Tuesday, June 11, 2013

Flat Water Tuesday: A Novel by Ron Irwin

Flat Water Tuesday: A Novel
When documentary filmmaker Rob Carrey flies back to New York from a shoot in South Africa to salvage his relationship with his lover Caroline Smythe, he unexpectedly finds himself called back to his former boarding school following a heartbreaking tragedy. Despite having long ago buried the memories of the brutal year he spent at the elite Fenton School in Connecticut as a postgraduate rower, Carrey finds that those days now return to haunt him.The Fenton School Boat Club’s top rowing team, called the God Four, is legendary. But the price that they pay for a shot at glory will scar each member of Carrey’s team far into adulthood.

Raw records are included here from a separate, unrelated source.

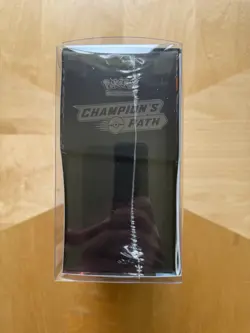 Pokemon Champion's Path Elite Trainer Box Factory Sealed New + Protective Case 820650805455 - Image 3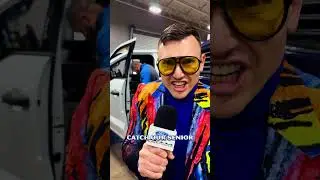 The Schmo Meets the Ford Pro Team at Ford Country
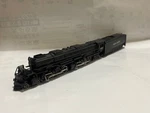 Rivarossi Union Pacific Big Boy Gauge Steam Locomotive Black Used. Fixed Price $369.19.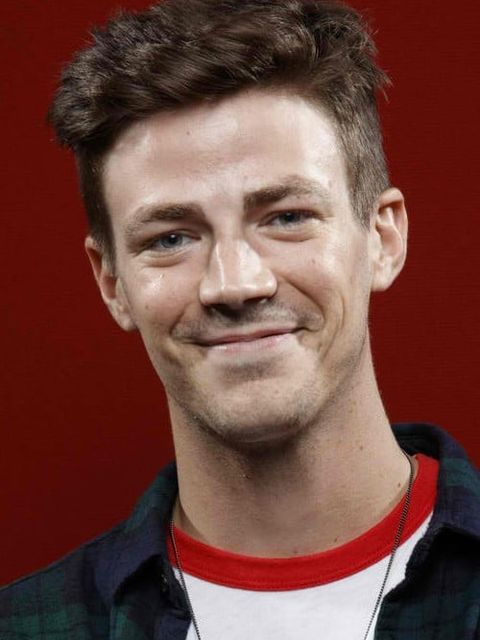 Grant Gustin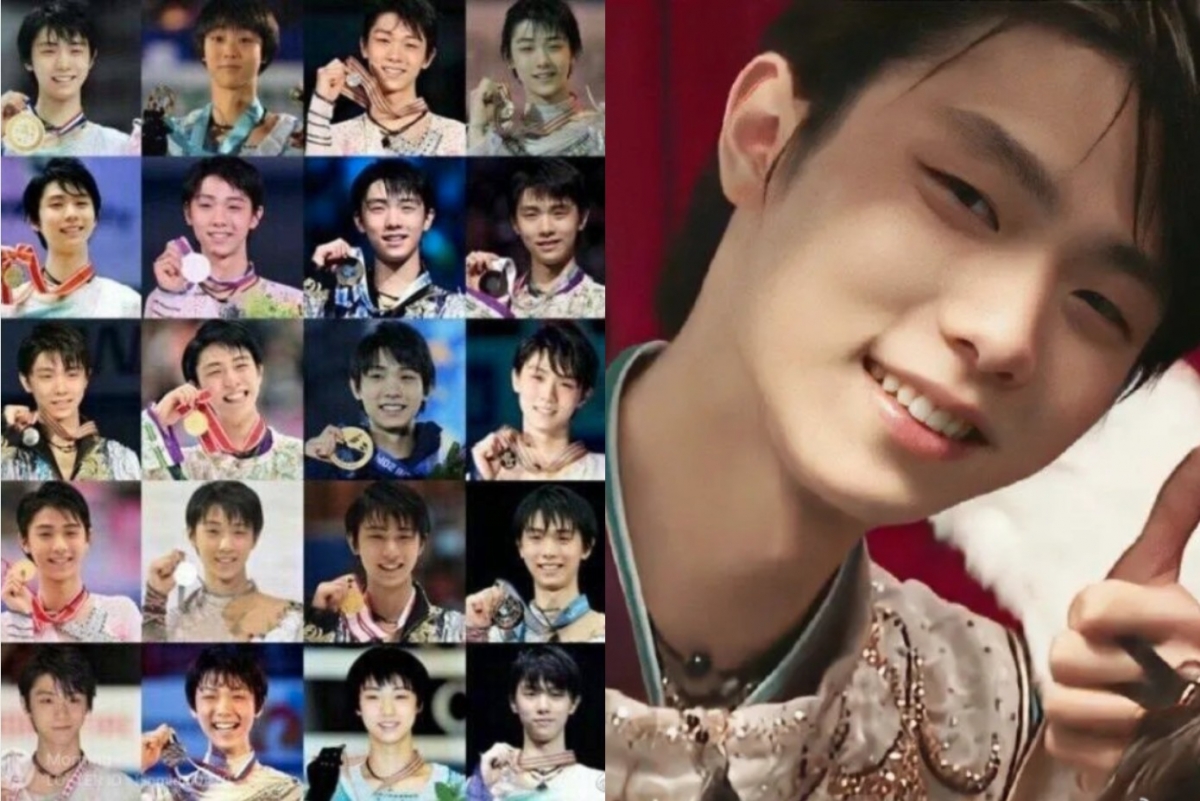 羽生結弦參賽獲獎無數，但他在311大地震之後，將近年商演所得的薪水與出版自傳所得的版稅捐贈給家園協助重建。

Colin Payne, the Massachusetts blue-blood; Jumbo, the good natured giant; John Wadsworth the preppy lawyer-to-be; Ruth Anderson, the Yale-bound coxswain; and Rob Carrey, the scholarship athlete from Niccalsetti, New York — all of them are forever bound to one another by the terrible cost of victory. Over one tumultuous week, Rob Carrey will learn that he cannot leave the past in his wake.


This was a lovely literary novel about a boarding school rowing team who are struck by a tragedy just as they are turning into adults.

The story jumps back and forth from the present to the past as we follow Rob through his life as a documentary film maker. Slowly, we get flashes of the year he spent at boarding school, the author allowing tension to build at a nice pace as we get more and more clues about the impending tragedy. As with any literary novel, character development is the most important thing. Rob is a carefully written narrator, with enough flaws to keep his internal monologue interesting. The other characters, especially Ruth and Connor are also well done. I do wish we’d learned a bit more about the other two, Perry and Wads.

Something that really made this book stand apart from others was the rowing. The author gives such a detailed look at this particular sport, that those sections are some of the more interesting ones. Although it can get a little technical, he makes the rowing experience come alive for the reader, even for someone who knows nothing about the sport.

This is a good choice if you want to read something a bit different.